Action item> Would you please output all the records exactly as given? Pictures should not appear in the copy.

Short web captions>
·····
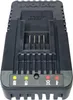 Worx WA3601 Chargeur 20 V et kit de batterie avec 1x Voir les images du produit 4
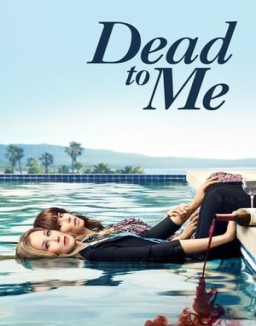 Dead to Me Saison 1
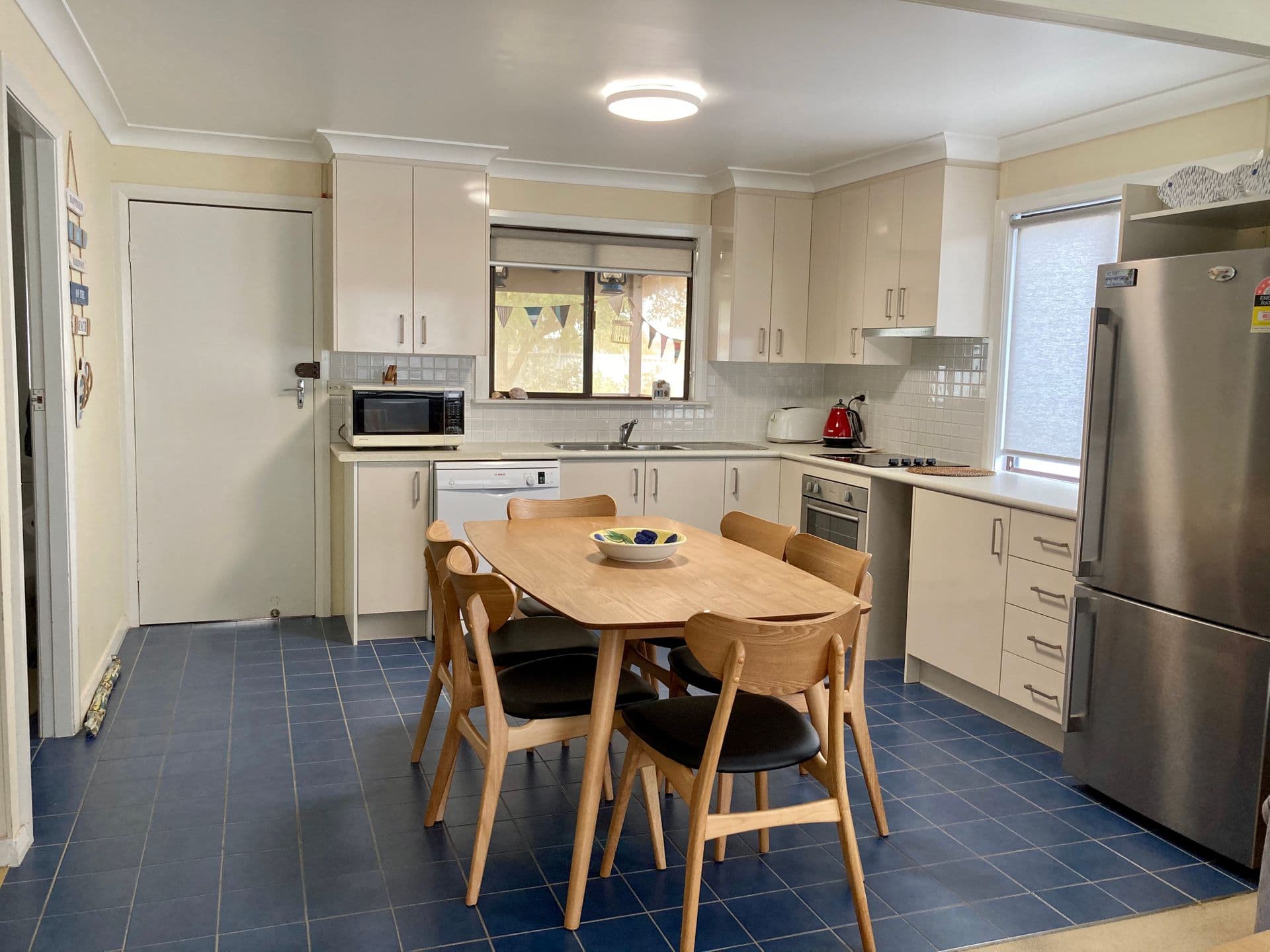 79 Verge Road, Callala Beach, NSW, 2540, Callala Beach - Thumbnail 3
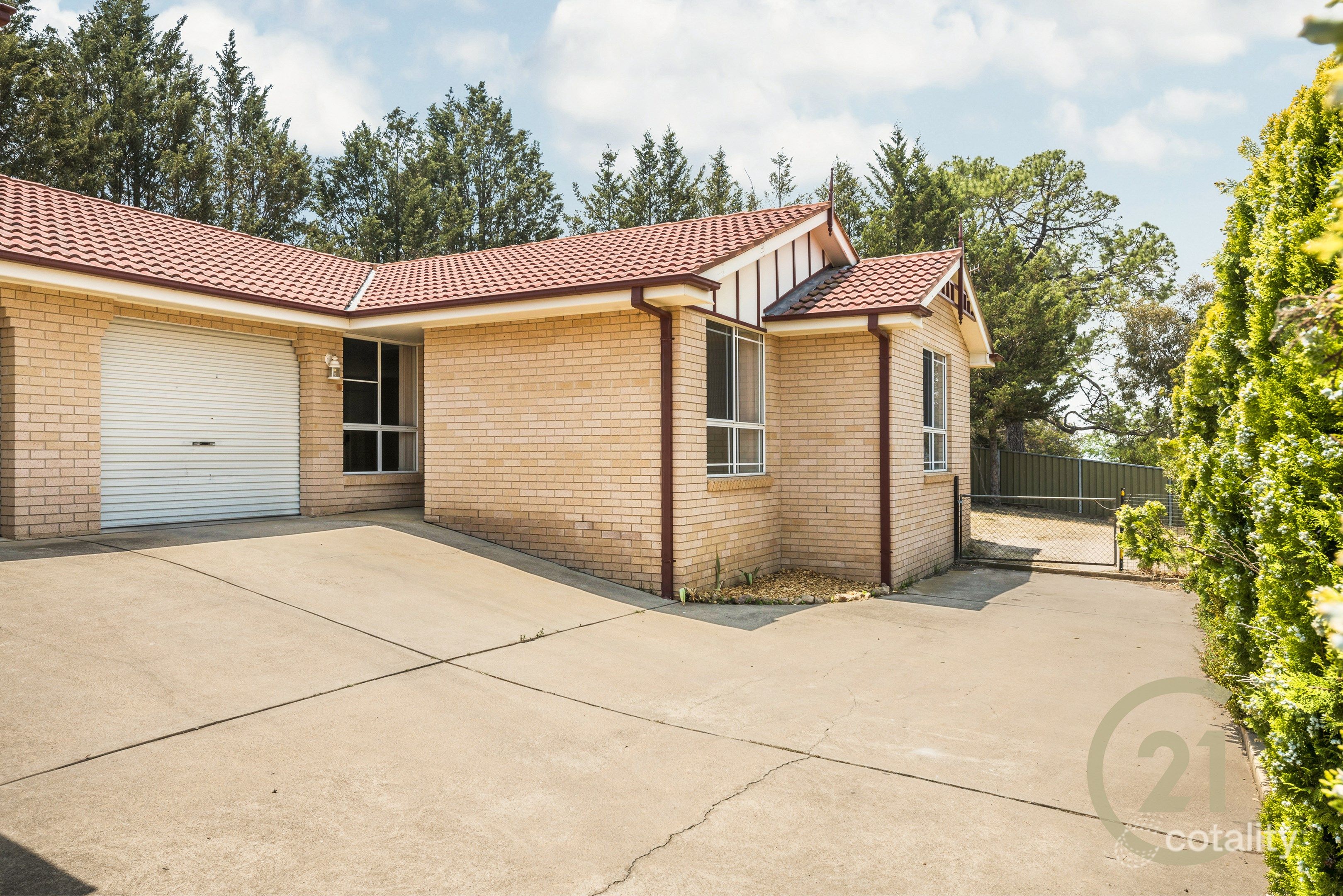 2/28 Prospect St, South Bathurst, NSW 2795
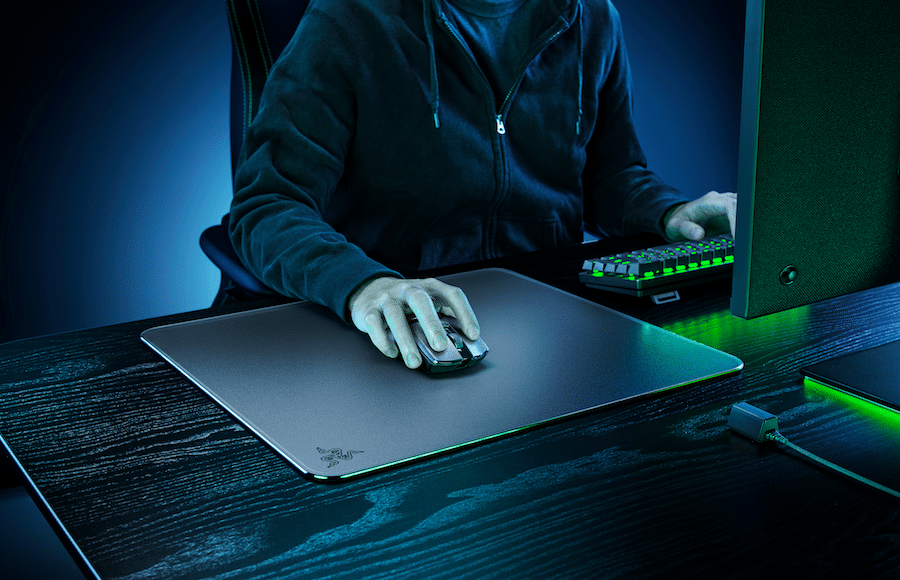 ©Razer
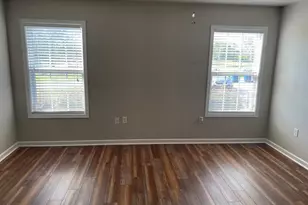 1716 Center Dr, Vidalia, GA 30474 - Photo 19
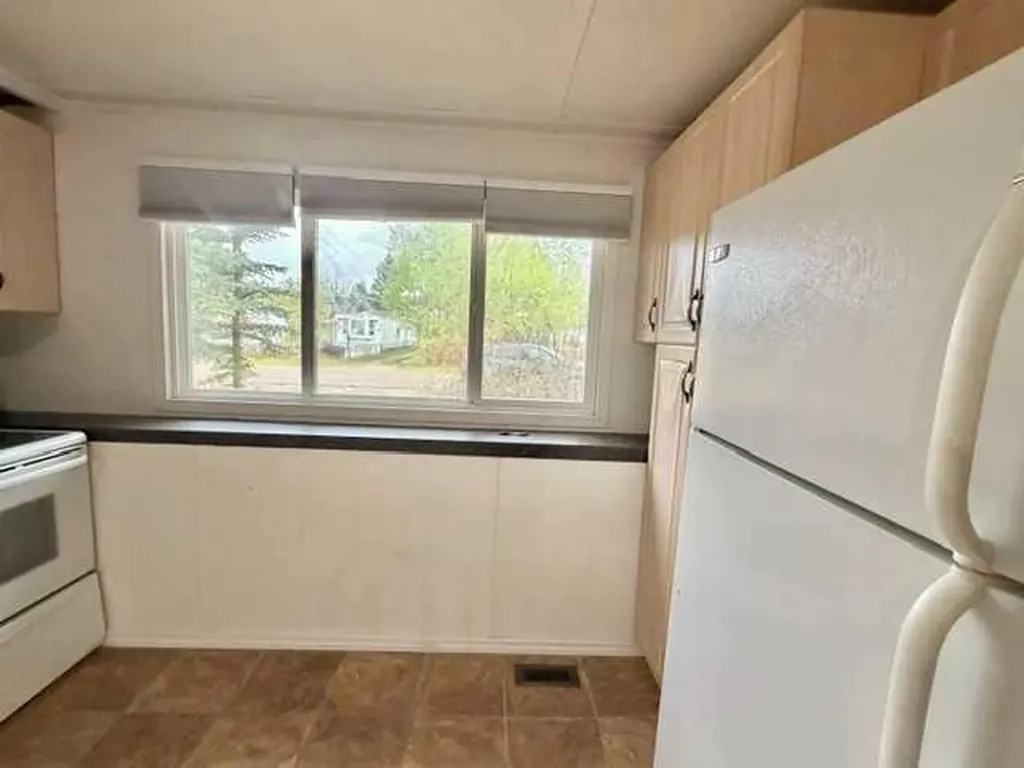4808 54 Street Amisk AB T0B 0B0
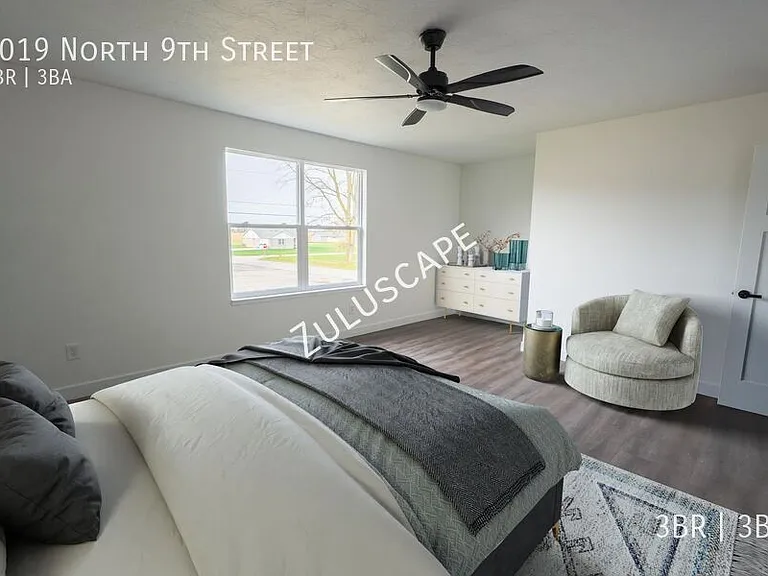 1019 N 9th St — Photo 7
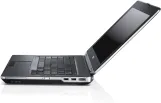 Dell Latitude E6430, 2.6Ghz Core i5-3320M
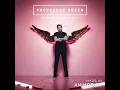 Download Lagu Professor Green, Tori Kelly - Lullaby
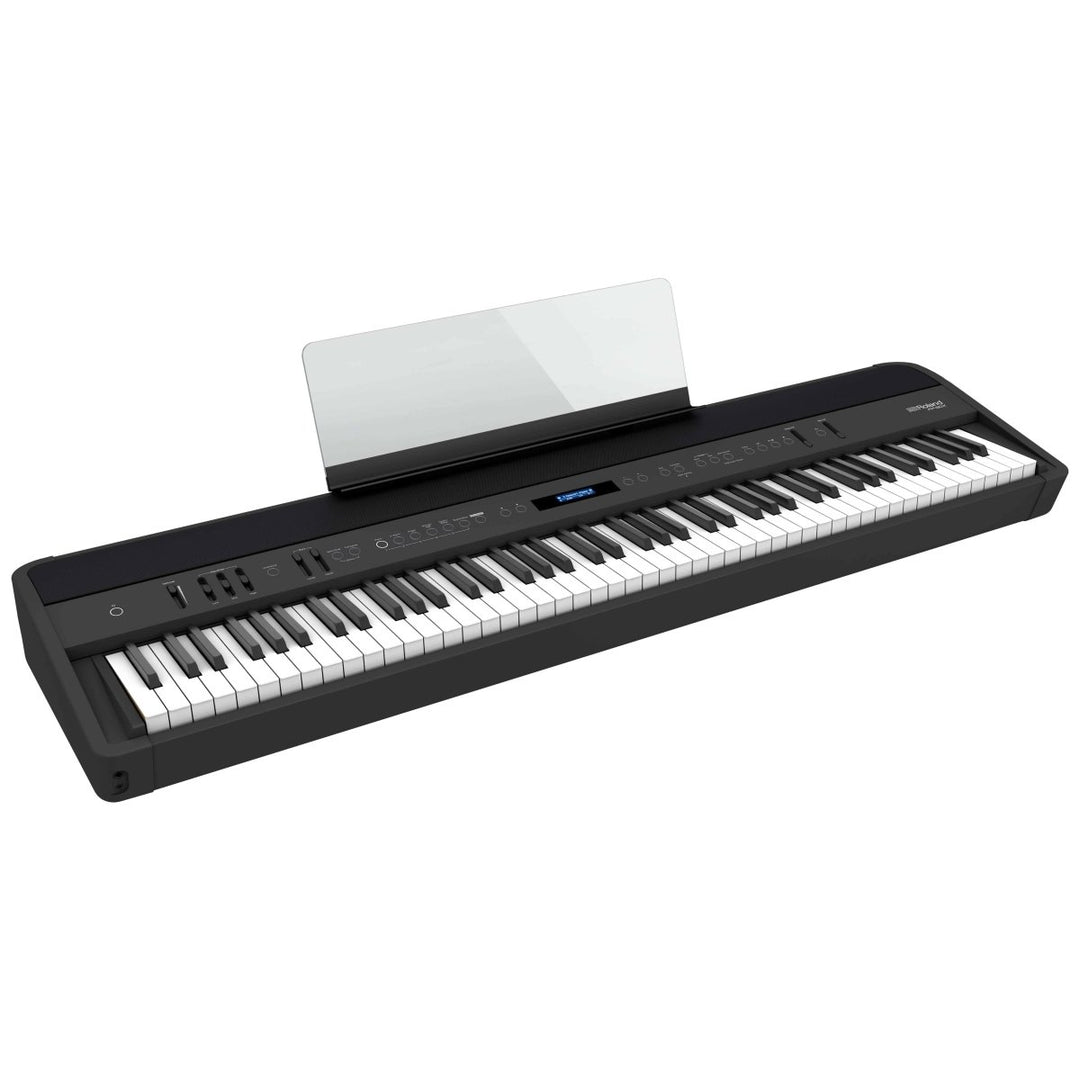 Roland FP-90X Portable Digital Piano - Sieffs Music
·····
Result of this task>
 Worx WA3601 Chargeur 20 V et kit de batterie avec 1x Voir les images du produit 4
 Dead to Me Saison 1
 79 Verge Road, Callala Beach, NSW, 2540, Callala Beach - Thumbnail 3
 2/28 Prospect St, South Bathurst, NSW 2795
 ©Razer
 1716 Center Dr, Vidalia, GA 30474 - Photo 19
4808 54 Street Amisk AB T0B 0B0
 1019 N 9th St — Photo 7
 Dell Latitude E6430, 2.6Ghz Core i5-3320M
 Download Lagu Professor Green, Tori Kelly - Lullaby
 Roland FP-90X Portable Digital Piano - Sieffs Music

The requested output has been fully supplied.